Highlights of this trip included climbing in the impossibly massive Andes to 13,800 ft (4,200m) through the rainforest on the Inca Trail, and then a few days later haphazardly ending up in the driest desert in the world near the Chilean border. The desert looked exactly like the Mars photos that NASA took in the mid-90’s. I remember cruising around the area, thirsty just from looking around, and every so often having my peace of mind lambasted by an unforgivably ridiculous barrage of Coke/Pepsi/Coke/Pepsi/Coke/Pepsi signs from out of nowhere. Leave it to those companies to wage their advertising wars in the middle of a desert.
The poverty in South America was like a slap in the face. Just how well I’d had it till then was made exceedingly clear, and I learned this through grit, thieves, open sewers, desperate people, and authorities with handguns drawn. Right off the plane in Lima I found myself in a very tense situation, with adrenaline pumping; hundreds of people had met the plane from Miami to offer their services and were screaming at me and the other passengers right after we’d practically been waived through customs. But ultimately, I realized there was an essential beauty to Peru—to its people and to the country—that seemed to permeate below the surface. It’s difficult to squeeze into words, but it was a feeling of lightness, of peace, like the land was moving and nothing was weighing me down. The problem with visiting such a shocking place for the first time, as I learned, was getting over being shocked and taking in the scenes for what they really were, not simply for how they made me feel.
Getting off the plane in Cuzco, I remember looking around and thinking, oh my God. What a wake up call. The city itself was at 11,000 ft, which is high. The streets were narrow, police authorities were everywhere, the air felt heavy despite the altitude. I remember being in a car with a girl who’s family ran the hostel where I was staying. She was sitting opposite me in the back, watching my face as I took in the scenery of her town for the first time. I tried to hide my feelings, to not react to each scene, striking as they were. She was still a bit upset.
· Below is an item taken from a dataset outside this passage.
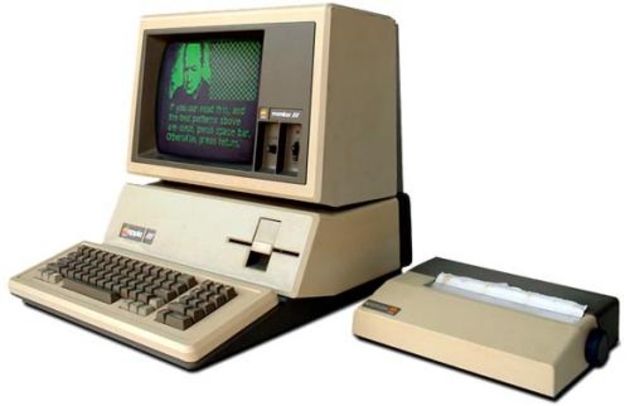 Quentin_Dino's tweet photo. Yo tout le monde , je cherche un vieux pc dans ce style , qui fonctionne ou non c'est pour un projet , donc si vous n'en voulez plus venez Dm https://t.co/nf8iYT2gaz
Over the next few days, the Andes had me by my shirt collar as I limped through the jungle, over passes, slept near waterfalls on the mountaintops, 7,000ft above what would mark the tree line in the Rockies.
In the end, it was a spiritual venture, a secret journey of the soul. Everything made an impact. All the harsh experiences, and all the softening ones, they manifested in the lasting esteem I have for the place. And I will go back.
WESTAFRICA—2001

I went to Ghana, West Africa in April of 2001 when I was 24. The experience changed my life. I came back with new values, a new appreciation for how lucky I was to have been brought up in Canada, to have had the quality friends and family I’d had till then, and to have had the privilege of attending some of the best schools in the country. I found that it was hard not to compare the things we had in Canada versus the things they continued to lack in Africa. I came back spellbound, with eyes wide, and needing to take a deep breath.
One of my favourite memories of being there was taking a drum lesson from a twelve year old kid. He showed me some parts to play on traditional drums (maybe ‘Ga’ drums of the Fanti or Twi people. Can’t remember, exactly) and how the parts fit together to form a groove. I paid him after the lesson and he was so ecstatic that he ran off, thrilled to have been paid for sharing his knowledge of the drums. I also remember not being allowed by the boy’s mentor to even touch a ceremonial lead drum.
I visited a Slave Castle on the coastline. To be alone in there was absolutely surreal. The African coast was spectacular, but to tour around a Slave Castle, to breathe the dankness of the air in the dungeons where the slaves were held . . . it was soul-destroying. The sun blazed off the waves, illuminating its white walls, and it was seemingly too bright for shadows, as though I wasn’t supposed to miss seeing anything. I knew I was in the right place at the right time, that I’d made the right choice in going to Africa, that seeing something like this was pay dirt. In school, they couldn’t teach what it felt like to be in that kind of place. I realized that atrocities could happen anywhere, even in paradise. Evil, knowing no boundaries, could still make room for itself.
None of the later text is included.